*DESCRIPTION OF THE TASK*: What is needed here is an exact copy of every record below.

◆ ◆ ◆

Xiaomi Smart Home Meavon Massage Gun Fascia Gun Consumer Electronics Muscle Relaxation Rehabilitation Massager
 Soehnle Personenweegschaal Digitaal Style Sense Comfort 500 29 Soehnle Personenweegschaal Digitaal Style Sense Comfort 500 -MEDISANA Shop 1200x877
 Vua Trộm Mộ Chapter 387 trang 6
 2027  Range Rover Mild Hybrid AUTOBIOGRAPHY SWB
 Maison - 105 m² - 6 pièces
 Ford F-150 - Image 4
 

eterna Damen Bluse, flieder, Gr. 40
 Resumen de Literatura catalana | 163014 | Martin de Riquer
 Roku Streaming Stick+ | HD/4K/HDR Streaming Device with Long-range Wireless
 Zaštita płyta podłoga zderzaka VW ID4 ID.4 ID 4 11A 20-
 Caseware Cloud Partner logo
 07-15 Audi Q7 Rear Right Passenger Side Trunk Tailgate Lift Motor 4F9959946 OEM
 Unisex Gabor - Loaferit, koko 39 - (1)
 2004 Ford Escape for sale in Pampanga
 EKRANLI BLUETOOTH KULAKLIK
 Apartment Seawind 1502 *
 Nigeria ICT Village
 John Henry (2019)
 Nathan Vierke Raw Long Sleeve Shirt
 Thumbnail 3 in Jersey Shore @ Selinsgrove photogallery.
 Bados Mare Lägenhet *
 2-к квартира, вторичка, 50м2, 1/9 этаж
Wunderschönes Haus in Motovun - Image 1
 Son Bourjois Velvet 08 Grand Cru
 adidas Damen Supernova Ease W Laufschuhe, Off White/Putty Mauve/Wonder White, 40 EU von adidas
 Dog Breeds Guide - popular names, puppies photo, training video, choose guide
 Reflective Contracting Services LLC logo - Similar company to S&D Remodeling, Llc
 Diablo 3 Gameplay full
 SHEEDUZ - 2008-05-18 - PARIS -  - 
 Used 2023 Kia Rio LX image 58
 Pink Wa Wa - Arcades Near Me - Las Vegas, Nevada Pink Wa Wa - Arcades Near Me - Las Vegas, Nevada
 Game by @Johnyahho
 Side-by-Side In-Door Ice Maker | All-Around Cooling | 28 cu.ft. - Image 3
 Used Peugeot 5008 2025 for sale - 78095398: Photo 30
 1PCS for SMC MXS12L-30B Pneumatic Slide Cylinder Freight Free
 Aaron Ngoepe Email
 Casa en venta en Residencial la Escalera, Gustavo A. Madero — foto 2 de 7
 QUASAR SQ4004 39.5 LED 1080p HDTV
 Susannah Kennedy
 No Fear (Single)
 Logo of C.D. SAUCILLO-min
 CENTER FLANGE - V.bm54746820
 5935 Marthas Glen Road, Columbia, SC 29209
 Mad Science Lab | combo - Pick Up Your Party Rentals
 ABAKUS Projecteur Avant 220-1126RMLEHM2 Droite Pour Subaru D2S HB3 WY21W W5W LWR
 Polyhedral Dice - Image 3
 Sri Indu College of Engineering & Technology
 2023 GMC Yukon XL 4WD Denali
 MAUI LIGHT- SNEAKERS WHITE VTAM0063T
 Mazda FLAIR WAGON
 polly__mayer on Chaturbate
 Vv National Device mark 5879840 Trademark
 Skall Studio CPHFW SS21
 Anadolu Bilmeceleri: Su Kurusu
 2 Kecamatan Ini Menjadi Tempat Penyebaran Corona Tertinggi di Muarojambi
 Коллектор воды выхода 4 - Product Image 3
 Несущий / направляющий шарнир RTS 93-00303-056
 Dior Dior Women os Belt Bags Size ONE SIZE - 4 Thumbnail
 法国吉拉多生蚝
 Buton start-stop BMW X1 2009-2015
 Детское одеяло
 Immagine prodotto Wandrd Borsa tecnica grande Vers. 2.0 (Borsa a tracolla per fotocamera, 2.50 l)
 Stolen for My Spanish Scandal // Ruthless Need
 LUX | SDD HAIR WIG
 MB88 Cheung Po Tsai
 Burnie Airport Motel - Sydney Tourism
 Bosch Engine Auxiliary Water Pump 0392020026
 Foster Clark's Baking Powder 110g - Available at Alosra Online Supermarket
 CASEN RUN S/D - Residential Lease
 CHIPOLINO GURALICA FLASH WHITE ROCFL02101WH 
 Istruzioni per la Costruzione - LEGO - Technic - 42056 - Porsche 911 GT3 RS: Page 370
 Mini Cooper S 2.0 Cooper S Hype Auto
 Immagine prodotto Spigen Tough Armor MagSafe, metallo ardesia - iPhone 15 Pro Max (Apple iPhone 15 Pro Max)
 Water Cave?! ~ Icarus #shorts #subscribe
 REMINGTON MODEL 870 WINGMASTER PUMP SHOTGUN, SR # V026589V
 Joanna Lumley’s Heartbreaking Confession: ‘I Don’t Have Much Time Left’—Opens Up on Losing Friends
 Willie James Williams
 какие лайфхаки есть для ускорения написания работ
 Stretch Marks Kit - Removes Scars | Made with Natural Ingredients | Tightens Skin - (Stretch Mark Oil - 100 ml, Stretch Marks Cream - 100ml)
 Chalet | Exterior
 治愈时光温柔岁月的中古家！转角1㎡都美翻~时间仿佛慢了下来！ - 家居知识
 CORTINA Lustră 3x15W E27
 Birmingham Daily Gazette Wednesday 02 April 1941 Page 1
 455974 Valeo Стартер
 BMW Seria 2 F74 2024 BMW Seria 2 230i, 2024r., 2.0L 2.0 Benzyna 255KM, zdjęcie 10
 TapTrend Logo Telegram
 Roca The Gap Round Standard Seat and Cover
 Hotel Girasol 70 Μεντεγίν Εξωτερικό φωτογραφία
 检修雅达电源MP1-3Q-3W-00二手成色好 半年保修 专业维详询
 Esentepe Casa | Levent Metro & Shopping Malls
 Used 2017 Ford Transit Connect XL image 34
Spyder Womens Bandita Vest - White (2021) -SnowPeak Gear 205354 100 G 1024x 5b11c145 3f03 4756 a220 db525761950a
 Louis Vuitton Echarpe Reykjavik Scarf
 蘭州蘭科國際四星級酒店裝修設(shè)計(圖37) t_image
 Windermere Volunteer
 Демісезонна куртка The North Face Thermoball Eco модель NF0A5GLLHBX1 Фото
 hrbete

◆ ◆ ◆

*WRITTEN ANSWER*:
Xiaomi Smart Home Meavon Massage Gun Fascia Gun Consumer Electronics Muscle Relaxation Rehabilitation Massager
 Soehnle Personenweegschaal Digitaal Style Sense Comfort 500 29 Soehnle Personenweegschaal Digitaal Style Sense Comfort 500 -MEDISANA Shop 1200x877
 Vua Trộm Mộ Chapter 387 trang 6
 2027  Range Rover Mild Hybrid AUTOBIOGRAPHY SWB
 Maison - 105 m² - 6 pièces
 Ford F-150 - Image 4
 

eterna Damen Bluse, flieder, Gr. 40
 Resumen de Literatura catalana | 163014 | Martin de Riquer
 Roku Streaming Stick+ | HD/4K/HDR Streaming Device with Long-range Wireless
 Zaštita płyta podłoga zderzaka VW ID4 ID.4 ID 4 11A 20-
 Caseware Cloud Partner logo
 07-15 Audi Q7 Rear Right Passenger Side Trunk Tailgate Lift Motor 4F9959946 OEM
 Unisex Gabor - Loaferit, koko 39 - (1)
 2004 Ford Escape for sale in Pampanga
 EKRANLI BLUETOOTH KULAKLIK
 Apartment Seawind 1502 *
 Nigeria ICT Village
 John Henry (2019)
 Nathan Vierke Raw Long Sleeve Shirt
 Thumbnail 3 in Jersey Shore @ Selinsgrove photogallery.
 Bados Mare Lägenhet *
 2-к квартира, вторичка, 50м2, 1/9 этаж
Wunderschönes Haus in Motovun - Image 1
 Son Bourjois Velvet 08 Grand Cru
 adidas Damen Supernova Ease W Laufschuhe, Off White/Putty Mauve/Wonder White, 40 EU von adidas
 Dog Breeds Guide - popular names, puppies photo, training video, choose guide
 Reflective Contracting Services LLC logo - Similar company to S&D Remodeling, Llc
 Diablo 3 Gameplay full
 SHEEDUZ - 2008-05-18 - PARIS -  - 
 Used 2023 Kia Rio LX image 58
 Pink Wa Wa - Arcades Near Me - Las Vegas, Nevada Pink Wa Wa - Arcades Near Me - Las Vegas, Nevada
 Game by @Johnyahho
 Side-by-Side In-Door Ice Maker | All-Around Cooling | 28 cu.ft. - Image 3
 Used Peugeot 5008 2025 for sale - 78095398: Photo 30
 1PCS for SMC MXS12L-30B Pneumatic Slide Cylinder Freight Free
 Aaron Ngoepe Email
 Casa en venta en Residencial la Escalera, Gustavo A. Madero — foto 2 de 7
 QUASAR SQ4004 39.5 LED 1080p HDTV
 Susannah Kennedy
 No Fear (Single)
 Logo of C.D. SAUCILLO-min
 CENTER FLANGE - V.bm54746820
 5935 Marthas Glen Road, Columbia, SC 29209
 Mad Science Lab | combo - Pick Up Your Party Rentals
 ABAKUS Projecteur Avant 220-1126RMLEHM2 Droite Pour Subaru D2S HB3 WY21W W5W LWR
 Polyhedral Dice - Image 3
 Sri Indu College of Engineering & Technology
 2023 GMC Yukon XL 4WD Denali
 MAUI LIGHT- SNEAKERS WHITE VTAM0063T
 Mazda FLAIR WAGON
 polly__mayer on Chaturbate
 Vv National Device mark 5879840 Trademark
 Skall Studio CPHFW SS21
 Anadolu Bilmeceleri: Su Kurusu
 2 Kecamatan Ini Menjadi Tempat Penyebaran Corona Tertinggi di Muarojambi
 Коллектор воды выхода 4 - Product Image 3
 Несущий / направляющий шарнир RTS 93-00303-056
 Dior Dior Women os Belt Bags Size ONE SIZE - 4 Thumbnail
 法国吉拉多生蚝
 Buton start-stop BMW X1 2009-2015
 Детское одеяло
 Immagine prodotto Wandrd Borsa tecnica grande Vers. 2.0 (Borsa a tracolla per fotocamera, 2.50 l)
 Stolen for My Spanish Scandal // Ruthless Need
 LUX | SDD HAIR WIG
 MB88 Cheung Po Tsai
 Burnie Airport Motel - Sydney Tourism
 Bosch Engine Auxiliary Water Pump 0392020026
 Foster Clark's Baking Powder 110g - Available at Alosra Online Supermarket
 CASEN RUN S/D - Residential Lease
 CHIPOLINO GURALICA FLASH WHITE ROCFL02101WH 
 Istruzioni per la Costruzione - LEGO - Technic - 42056 - Porsche 911 GT3 RS: Page 370
 Mini Cooper S 2.0 Cooper S Hype Auto
 Immagine prodotto Spigen Tough Armor MagSafe, metallo ardesia - iPhone 15 Pro Max (Apple iPhone 15 Pro Max)
 Water Cave?! ~ Icarus #shorts #subscribe
 REMINGTON MODEL 870 WINGMASTER PUMP SHOTGUN, SR # V026589V
 Joanna Lumley’s Heartbreaking Confession: ‘I Don’t Have Much Time Left’—Opens Up on Losing Friends
 Willie James Williams
 какие лайфхаки есть для ускорения написания работ
 Stretch Marks Kit - Removes Scars | Made with Natural Ingredients | Tightens Skin - (Stretch Mark Oil - 100 ml, Stretch Marks Cream - 100ml)
 Chalet | Exterior
 治愈时光温柔岁月的中古家！转角1㎡都美翻~时间仿佛慢了下来！ - 家居知识
 CORTINA Lustră 3x15W E27
 Birmingham Daily Gazette Wednesday 02 April 1941 Page 1
 455974 Valeo Стартер
 BMW Seria 2 F74 2024 BMW Seria 2 230i, 2024r., 2.0L 2.0 Benzyna 255KM, zdjęcie 10
 TapTrend Logo Telegram
 Roca The Gap Round Standard Seat and Cover
 Hotel Girasol 70 Μεντεγίν Εξωτερικό φωτογραφία
 检修雅达电源MP1-3Q-3W-00二手成色好 半年保修 专业维详询
 Esentepe Casa | Levent Metro & Shopping Malls
 Used 2017 Ford Transit Connect XL image 34
Spyder Womens Bandita Vest - White (2021) -SnowPeak Gear 205354 100 G 1024x 5b11c145 3f03 4756 a220 db525761950a
 Louis Vuitton Echarpe Reykjavik Scarf
 蘭州蘭科國際四星級酒店裝修設(shè)計(圖37) t_image
 Windermere Volunteer
 Демісезонна куртка The North Face Thermoball Eco модель NF0A5GLLHBX1 Фото
 hrbete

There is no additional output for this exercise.